Goal of the exercise: Output nothing but the lines from the first line of the listing below through the line containing "full bath with", printed exactly and free of pictures.
______________________________
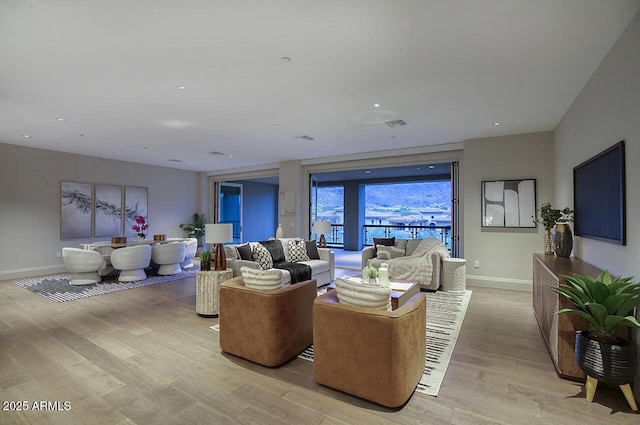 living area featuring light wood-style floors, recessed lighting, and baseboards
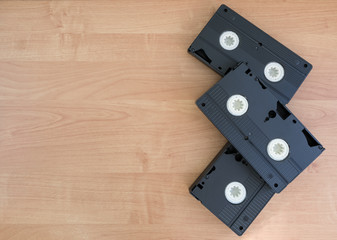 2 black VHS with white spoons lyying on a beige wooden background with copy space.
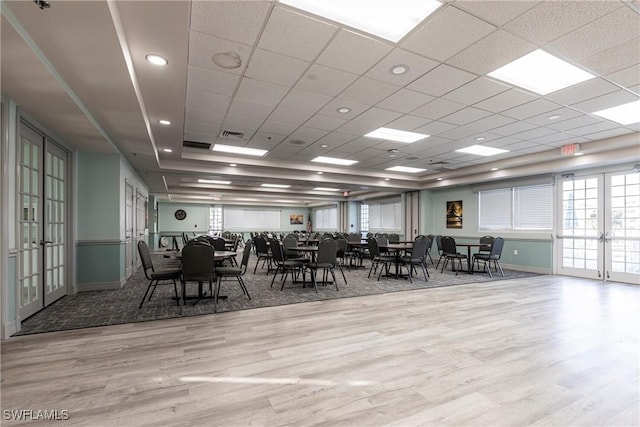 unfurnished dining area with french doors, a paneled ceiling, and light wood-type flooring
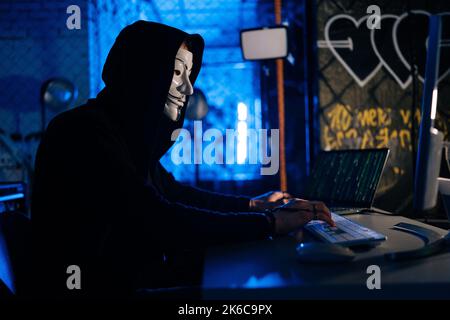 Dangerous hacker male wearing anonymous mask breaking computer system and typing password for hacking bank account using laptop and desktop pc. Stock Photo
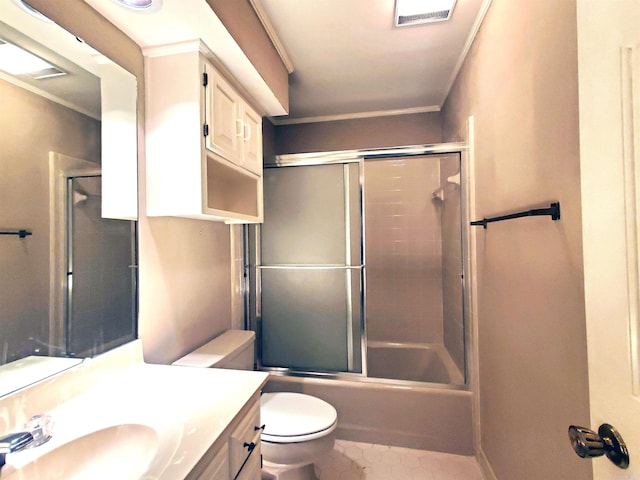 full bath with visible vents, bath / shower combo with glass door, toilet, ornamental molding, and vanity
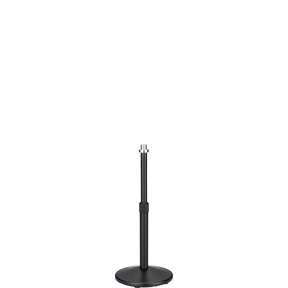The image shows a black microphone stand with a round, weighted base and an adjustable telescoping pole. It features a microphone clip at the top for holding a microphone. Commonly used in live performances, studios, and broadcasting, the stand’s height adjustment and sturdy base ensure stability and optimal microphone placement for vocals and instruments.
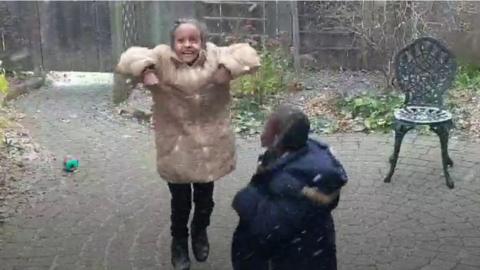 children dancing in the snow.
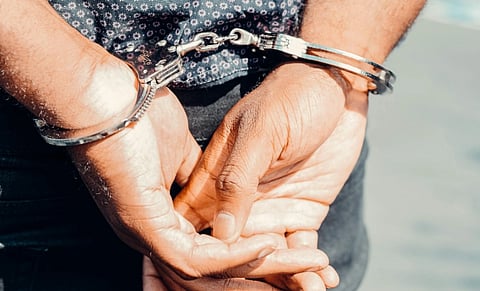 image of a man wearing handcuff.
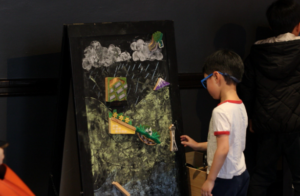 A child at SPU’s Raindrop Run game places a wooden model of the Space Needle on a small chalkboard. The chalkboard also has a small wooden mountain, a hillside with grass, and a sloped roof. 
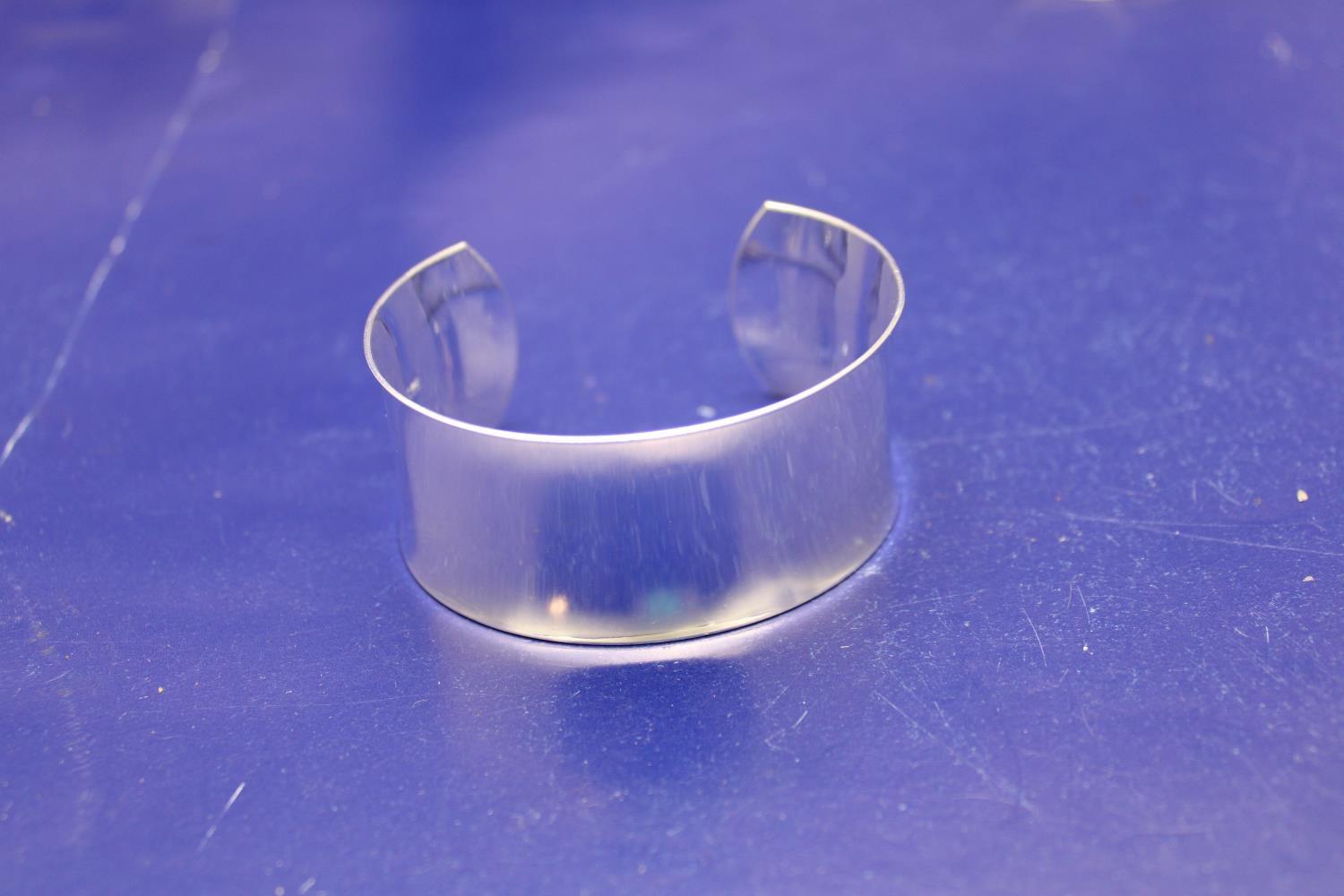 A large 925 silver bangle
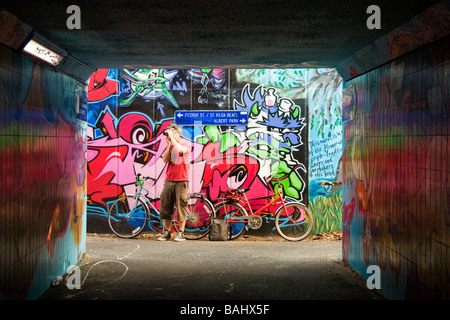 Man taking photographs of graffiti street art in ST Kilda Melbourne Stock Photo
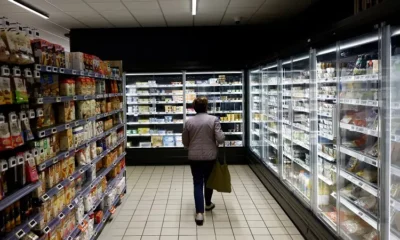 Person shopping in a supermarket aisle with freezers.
______________________________
Completed exercise:
 living area featuring light wood-style floors, recessed lighting, and baseboards
 2 black VHS with white spoons lyying on a beige wooden background with copy space.
 unfurnished dining area with french doors, a paneled ceiling, and light wood-type flooring
 Dangerous hacker male wearing anonymous mask breaking computer system and typing password for hacking bank account using laptop and desktop pc. Stock Photo
 full bath with visible vents, bath / shower combo with glass door, toilet, ornamental molding, and vanity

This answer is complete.